Des catégories de manifestations sportives
3À l'issue des travaux engagés par chacun des contributeurs, les manifestations sportives étudiées peuvent être rangées en trois grandes catégories. La première regroupe les fêtes et compétitions à travers lesquelles des pouvoirs se mettent en scène ou sont mis en scène (les contributions de D. Abbassi, N. Bancel, D. Bolz, P. Dietschy, A. Gounot, B. Caritey et M. Krüger en donnent des exemples). Il s'agit de « fêtes de souveraineté1 ». Elles confortent le pouvoir en place en produisant une adhésion collective et en contribuant à construire une unanimité au sein de la population ; simultanément, elles constituent un outil pour apprécier ces éléments ; elles font la preuve de la supériorité d'un régime.
4Dans la deuxième catégorie, entrent les manifestations mises en œuvre par des forces politiques qui se définissent par leur opposition au gouvernement et/ou à la culture dominante. C'est notamment le cas pour le mouvement sportif ouvrier (évoqué par A. Bruns, A. Gounot), mais aussi, d'une certaine manière, pour le mouvement sportif catholique (F. Groeninger). Les « fêtes d'opposition2 » qu'ils organisent leur offrent une tribune pour exprimer les idéaux dont ils se réclament et donner à voir la société à laquelle aspirent leurs partisans ; elles apparaissent comme des systèmes d'expression du conflit (social entre autres) et du refus de l'unité.
5Un troisième groupe réunit les manifestations utilisées par les organisations sportives qui les ont instituées — et à travers elles, les groupes sociaux qui les animent3 — pour injecter leurs valeurs dans un ensemble plus large, rendre concrètes leurs idées, les diffuser, les légitimer (B. Caritey et M. Krüger, D. Jallat, Y. Morales), construire une unanimité et, ainsi, asseoir leur prestige et — éventuellement — leur domination dans l'espace social. Ces groupes sociaux ne sont pas au pouvoir ; ils n'inscrivent pas non plus leur action dans une opposition frontale et dure à ceux qui le détiennent. Cette situation d'entre-deux invite à caractériser ces manifestations de « fêtes d'influence4 ».

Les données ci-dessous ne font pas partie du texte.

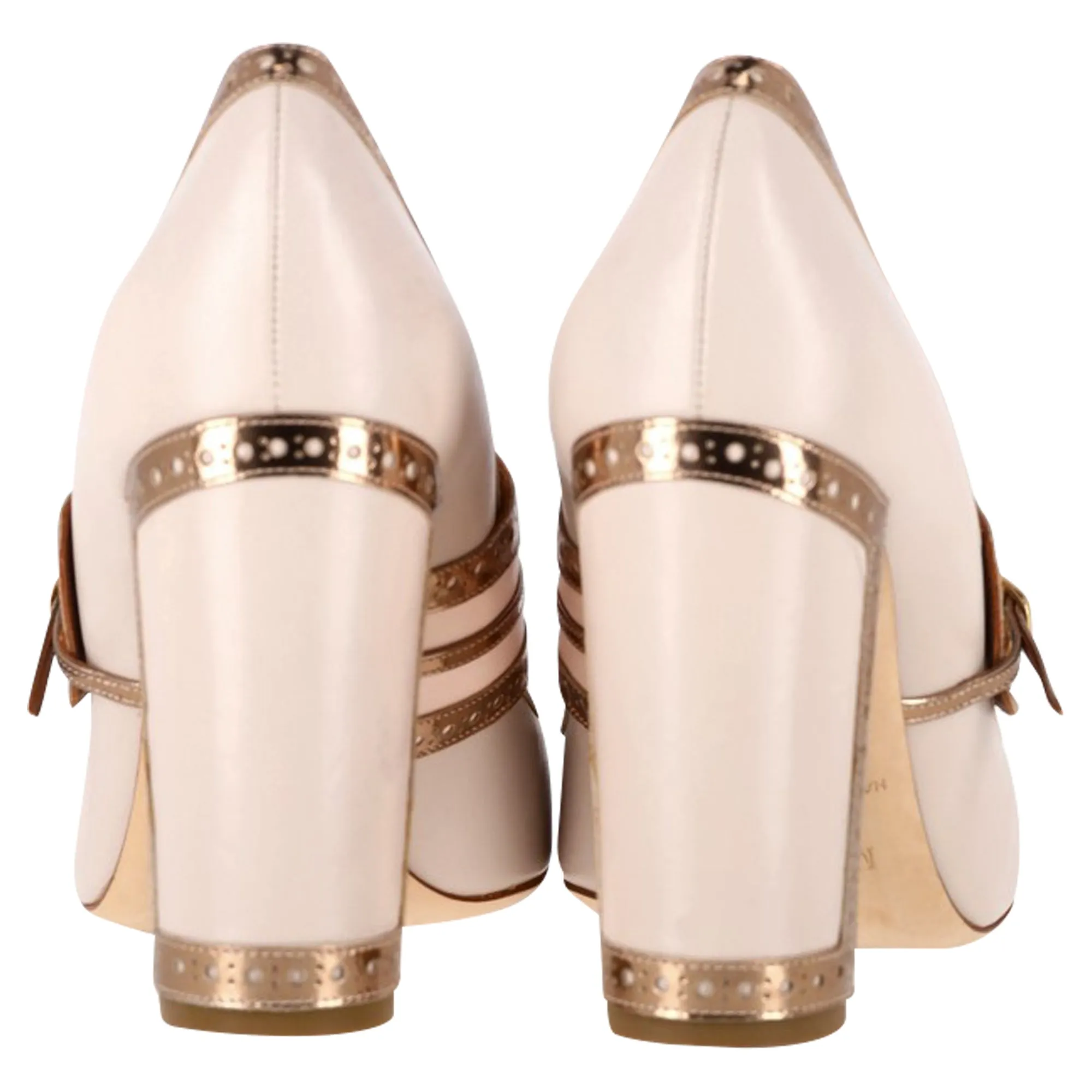 Malone Souliers Ada Perforated Pumps in Nude Leather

6À travers cette catégorisation, et pour reprendre la définition que Max Weber donne du politique, les manifestations sportives apparaissent bien comme autant d'efforts « faits en vue de participer au pouvoir ou d'influencer la répartition du pouvoir soit entre les États, soit entre les divers groupes à l'intérieur d'un même État5 ». Ces « efforts » ont comme objectifs d'entretenir et/ou de renforcer la cohésion, l'unité et l'égalité entre les membres d'une même communauté (mouvement politique, classe sociale, communauté religieuse), voire auprès d'un public élargi (membres appartenant à d'autres groupes, communauté nationale, communauté internationale) ou particulier (autorités d'un État par exemple). Les travaux ont montré que seule variait l'importance relative accordée à chacune de ces finalités et que le politique pouvait, selon les cas étudiés, soit se réduire aux fonctions régaliennes des États, soit embrasser l'ensemble des activités des individus. Les contours du politique se déplacent selon l'époque, le pays où se tient la manifestation, les convictions de ceux qui l'ordonnent et/ou l'organisent.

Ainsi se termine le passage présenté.